Please see UMDP-CO4 for further details on the contents of the STASH entries.

Working with pp files
---------------------

Mule also has some basic support for reading and writing pp files - these are
a descendant format of a :class:`mule.FieldsFile`, but do not preserve enough
of the typical file structure to be represented by a :class:`mule.UMFile`
variant.  Instead a pp file is treated more as a read/write method - for example
to read in one of the pp files from the test suite:

.. code-block:: python

    >>> from mule.pp import fields_from_pp_file
    >>> test_file = mule.tests.testdata_filepath("n48_multi_field.pp")
    >>> fields = fields_from_pp_file(test_file)

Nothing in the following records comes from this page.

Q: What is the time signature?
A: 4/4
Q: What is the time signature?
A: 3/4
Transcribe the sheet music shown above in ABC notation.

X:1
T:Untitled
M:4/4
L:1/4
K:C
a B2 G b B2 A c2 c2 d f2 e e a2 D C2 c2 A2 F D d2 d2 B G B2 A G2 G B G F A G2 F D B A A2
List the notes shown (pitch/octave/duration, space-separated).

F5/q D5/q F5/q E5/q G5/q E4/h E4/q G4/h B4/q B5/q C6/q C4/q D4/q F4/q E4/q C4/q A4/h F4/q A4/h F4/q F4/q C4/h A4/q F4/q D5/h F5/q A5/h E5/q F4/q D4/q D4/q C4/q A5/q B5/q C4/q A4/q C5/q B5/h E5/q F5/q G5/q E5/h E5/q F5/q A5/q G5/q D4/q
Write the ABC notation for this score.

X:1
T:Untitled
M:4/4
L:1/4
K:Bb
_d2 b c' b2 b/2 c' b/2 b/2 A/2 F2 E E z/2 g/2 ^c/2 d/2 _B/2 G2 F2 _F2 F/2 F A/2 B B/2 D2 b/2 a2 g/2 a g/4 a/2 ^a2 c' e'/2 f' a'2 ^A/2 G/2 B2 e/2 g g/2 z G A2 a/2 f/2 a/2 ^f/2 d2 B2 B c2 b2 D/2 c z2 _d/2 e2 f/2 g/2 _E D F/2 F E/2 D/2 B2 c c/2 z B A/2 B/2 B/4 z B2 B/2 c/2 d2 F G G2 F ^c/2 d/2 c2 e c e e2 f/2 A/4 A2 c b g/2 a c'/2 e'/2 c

This will return a list containing :class:`mule.pp.PPField` objects (which
are functionally very similar to :class:`mule.Field` objects).  These will have
lookup properties, a :meth:`get_data` method and everything you would expect
from a field object created as part of a :class:`mule.UMFile`.  You should
be able to use the two interchangably (e.g. if you wish to output a field
read from a pp file into a fields-file simply insert its
:class:`mule.pp.PPField` object into the list of fields attached to your
:class:`mule.UMFile` object).

pp files can also be variable resolution, and for these an extra property
is attached to each :class:`mule.pp.PPField` object called
:meth:`pp_extra_data` which contains information about the variable grid.
(You can see an example if you try loading the `ukv_eg_variable_sample.pp`
file).

You can write out field objects to a pp file in a similar way:

.. code-block:: python

    >>> from mule.pp import fields_to_pp_file
    >>> fields_to_pp_file("output_file.pp", fields)

.. Note::

    If you are trying to output pp fields which originated in a variable
    resolution :class:`mule.UMFile` you will need to provide a reference to
    the original :class:`mule.UMFile` object as a keyword to the above call.
    This will cause Mule to calculate the appropriate extra data to attach
    to the pp fields.

Conclusion
----------
Having worked through this section you should now be familiar with the basic
elements of the API - you should be able to interrogate a file to access
and modify its header values, and write it to a new file.